The diagonals divide the trapezoid into four triangles. Find the area of a triangle adjacent to the larger

The diagonals divide the trapezoid into four triangles. Find the area of a triangle adjacent to the larger base if the areas of the triangles adjacent to the side and the smaller base are 6 and 4, respectively.

Let us construct a perpendicular BH to the AC diagonal.

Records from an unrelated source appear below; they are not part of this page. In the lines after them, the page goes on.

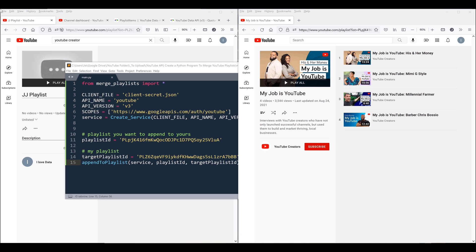Hey, how's it going guys? In this tutorial, we're going to create a Python program to copy a YouTube playlist to another playlist.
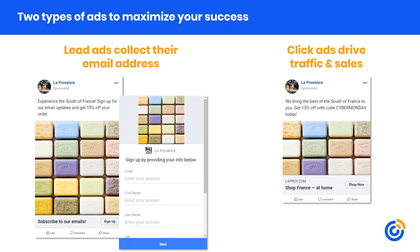The click ad takes the consumer out of Facebook right away to drive traffic to your website, generate awareness, boost sales from your online store, or engage your audience at any web page that meets your goal. You can use it for list growth by connecting a lead generation landing page, but it's better practice to use click ads for goals like getting people to buy in the moment or find you online. Click ads are designed to drive results.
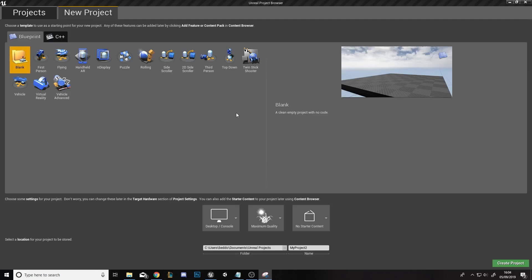Hi guys, what's up? Today I'm going to be showing you how to make a 2D character in a blank project in Unreal Engine 4.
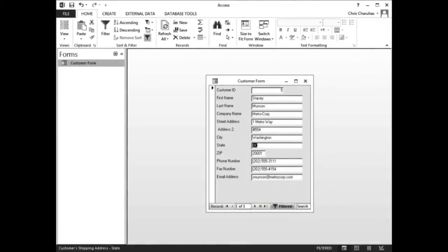The form should now look like this. Tip: notice how the number of records now reads 1 of 1 filtered.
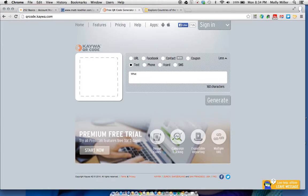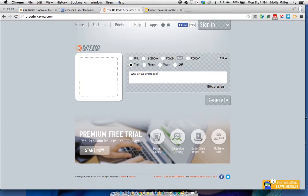I'm going to ask what is your favorite color. Notice that there is a limit of 160 characters.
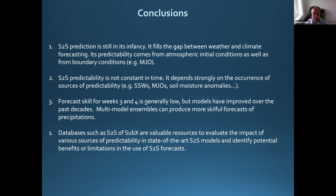To summarize: S2S prediction is still in its infancy with a very short history. It fills the gap between weather and climate forecasting, and its predictability comes from both atmospheric initial conditions and boundary conditions — making it a mixture of a weather and climate problem. S2S predictability is not constant in time; it depends strongly on the occurrence of sources of predictability. Forecast skill from week two to week four is generally low on average, but models have improved over the past decades. Multi-model ensembles can produce more skillful forecasts for precipitation. Databases such as SUBX and S2S are valuable resources to evaluate the impact of various sources of predictability and to better understand S2S models and the potential benefit of using S2S forecasts.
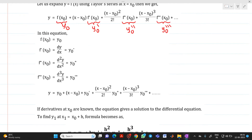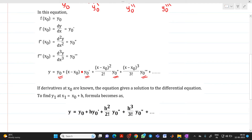Now we can substitute: in place of f(x₀) we write y₀, in place of f'(x₀) we write y₀'. So the formula becomes: y = y₀ + (x − x₀)·y₀' + (x − x₀)²/2! · y₀'' + (x − x₀)³/3! · y₀'''. If we know the derivatives at x₀, then this equation gives the solution to the differential equation.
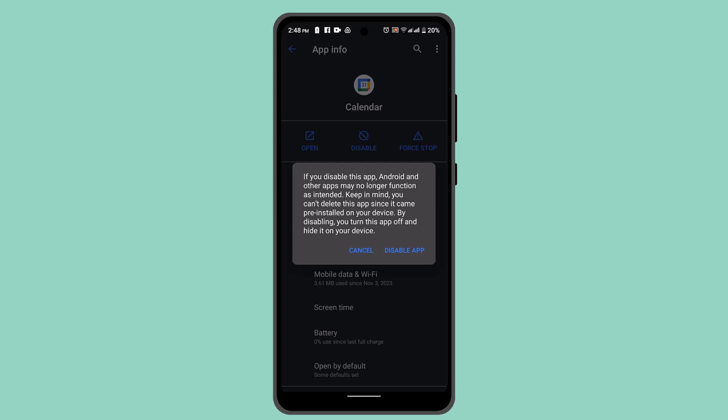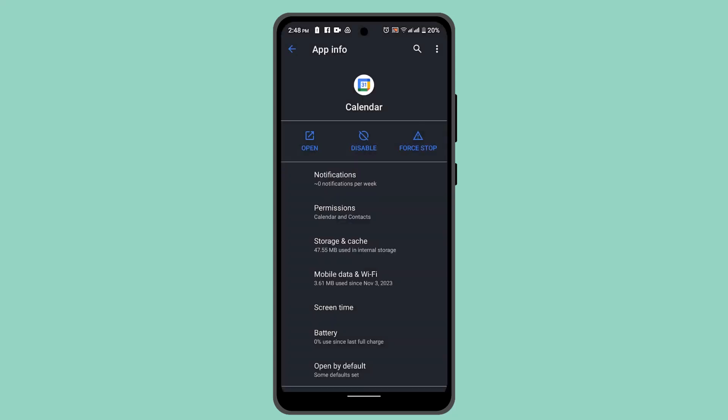So that's basically how you can hide your app within the app itself. That is all for this video. I hope the video was helpful. Make sure to like, share, and subscribe to our channel. Thank you for watching, see you in the next video.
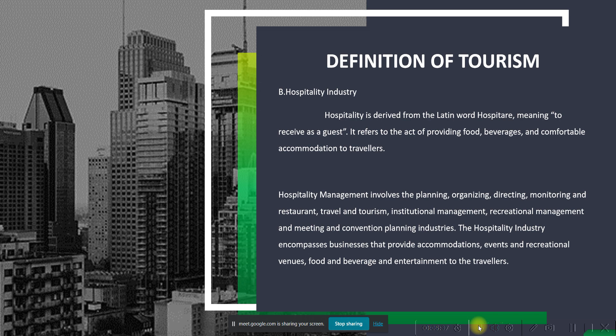The hospitality industry is under the umbrella of the tourism industry. It comes from the Latin word 'hospitare,' meaning to receive as a guest, and is more about providing food and comfortable accommodation to travelers. The tourism industry will not thrive without the hospitality industry. If you advertise a city as a tourism destination but it doesn't provide food, beverage, or comfortable accommodation, tourists won't enjoy it. Tourism and hospitality cannot exist without each other — they are mutually dependent.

Consider triangles ABO and BOC, which have a common height BH, then:

Saov = OA * BH / 2 = 6 cm2.

BH = 2 * 6 / OA = 12 / OA.

Svos = OS * BH / 2 = 4 cm2.

BH = 2 * 4 / OC = 8 / OC.

Equate equalities 1 and 2.

12 / OA = 8 / OC.

OS / OA = 8/12 = 2/3.

In triangles BОС and AOD, the angle BОС = AOD as vertical angles, the angle ОBС = ОDА as criss-crossing angles at the intersection of parallel lines BC and AD of the secant BD, then the triangles BОС and AOD are similar in two angles.

OC / OA = 2/3 is the coefficient of similarity of triangles.

Then Svos / Sаod = (2/3) 2 = 4/9.

Saod = Svos * 9/4 = 4 * 9/4 = 9 cm2.

Answer: The area of ​​the triangle at the larger base is 9 cm2.